→ Your task: Scan the records below for the line with "Жесткий диск серверный" and the line with "Abito Bordeaux Fantasy Slim Fit Due Pezzi", and retype that range exactly, both ends included, pictures excepted.

──────── Input records ────────

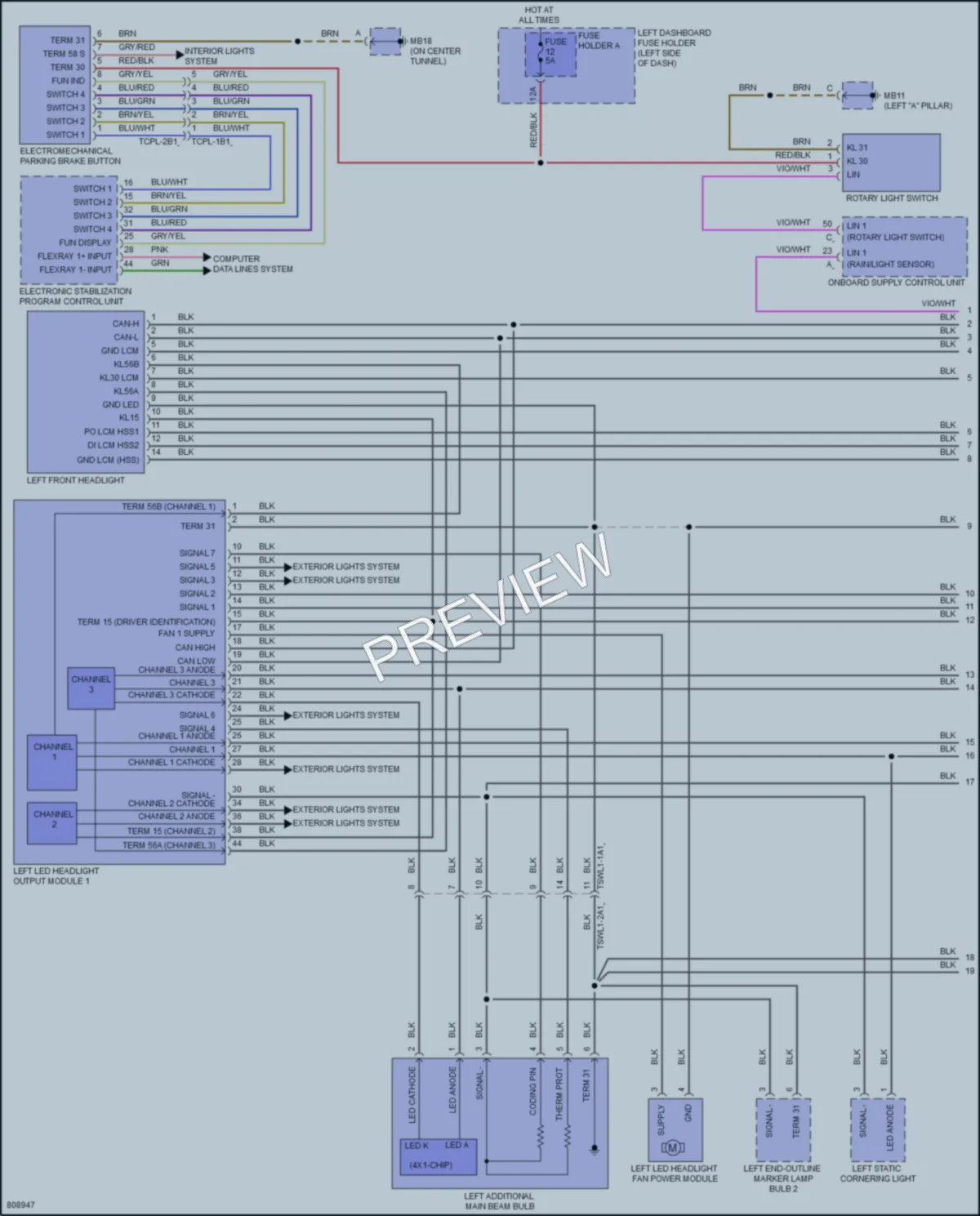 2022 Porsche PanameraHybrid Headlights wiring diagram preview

────────
──────── Input records ────────

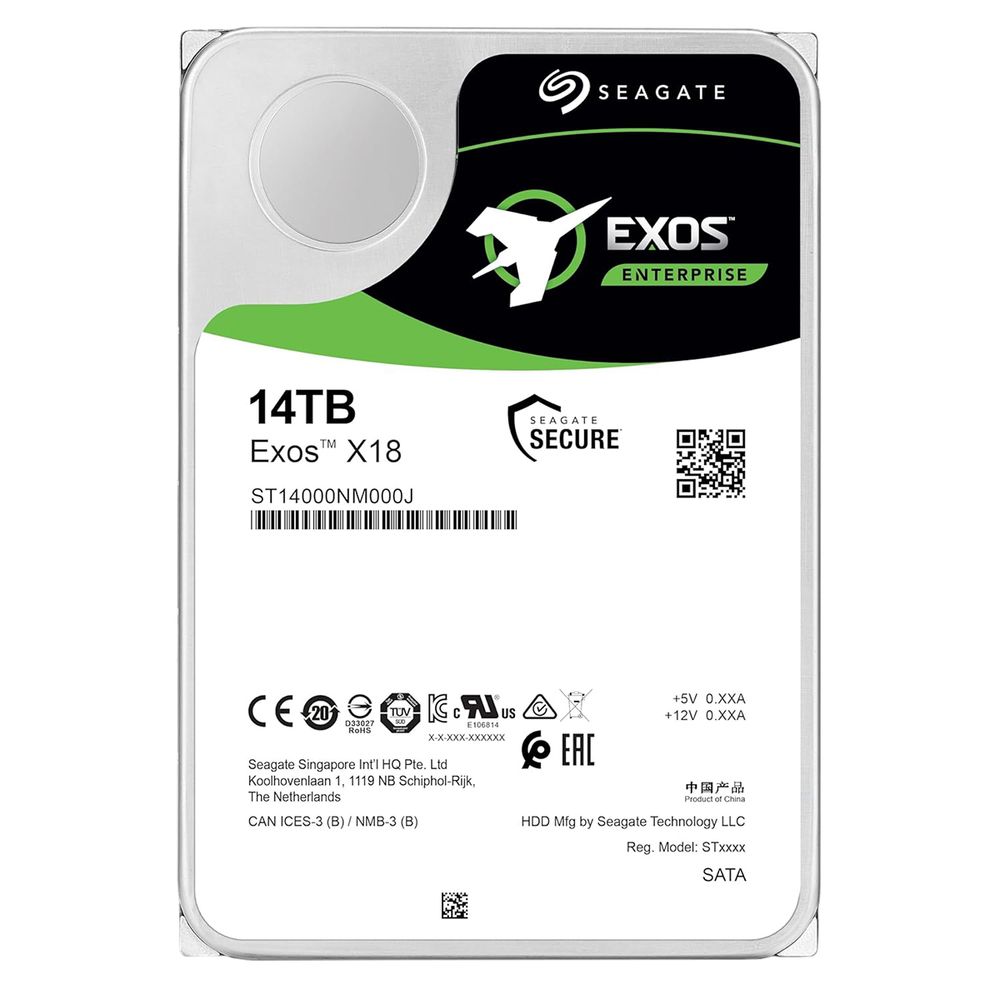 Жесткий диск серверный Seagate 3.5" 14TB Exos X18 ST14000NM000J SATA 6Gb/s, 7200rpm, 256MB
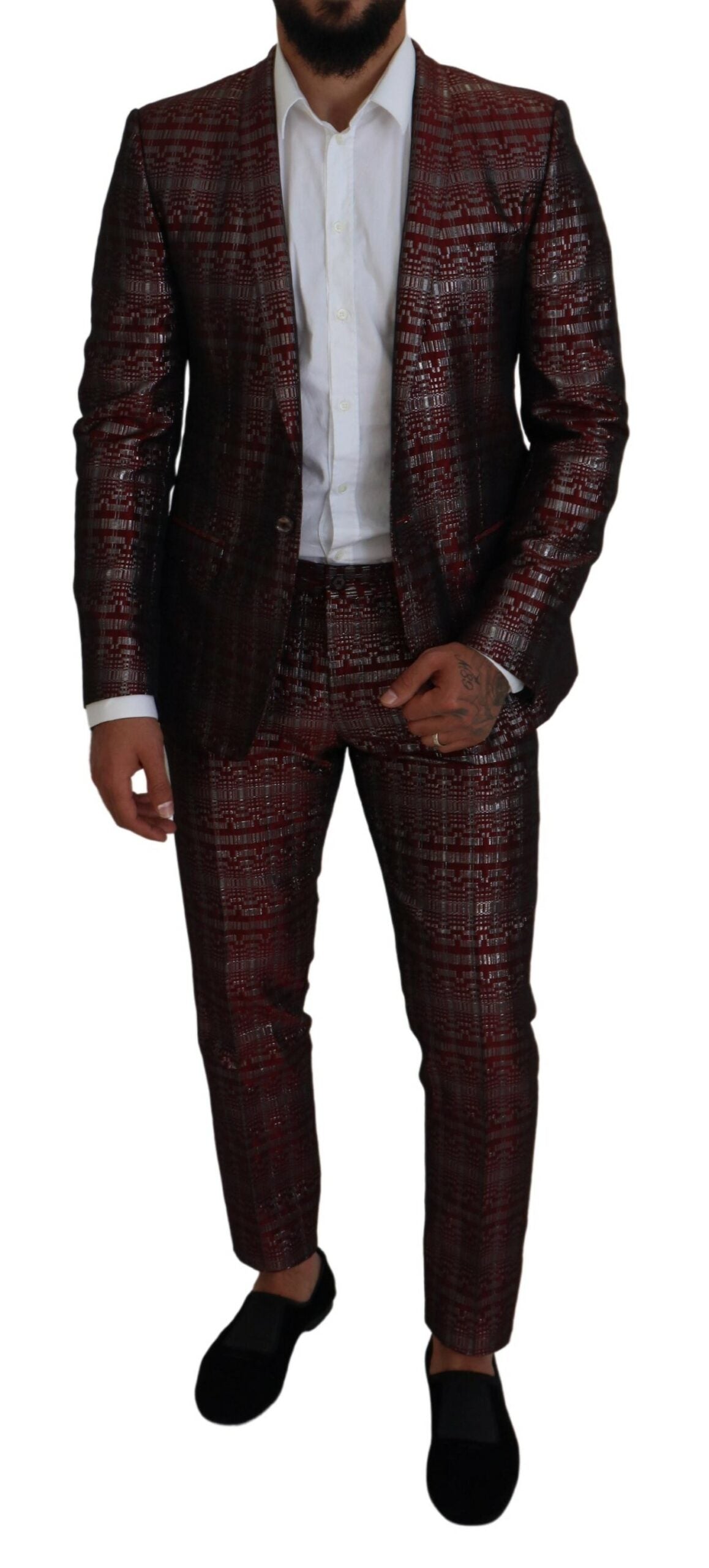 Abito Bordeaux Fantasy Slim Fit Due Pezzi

────────

→ Completed task:
 Жесткий диск серверный Seagate 3.5" 14TB Exos X18 ST14000NM000J SATA 6Gb/s, 7200rpm, 256MB
 Abito Bordeaux Fantasy Slim Fit Due Pezzi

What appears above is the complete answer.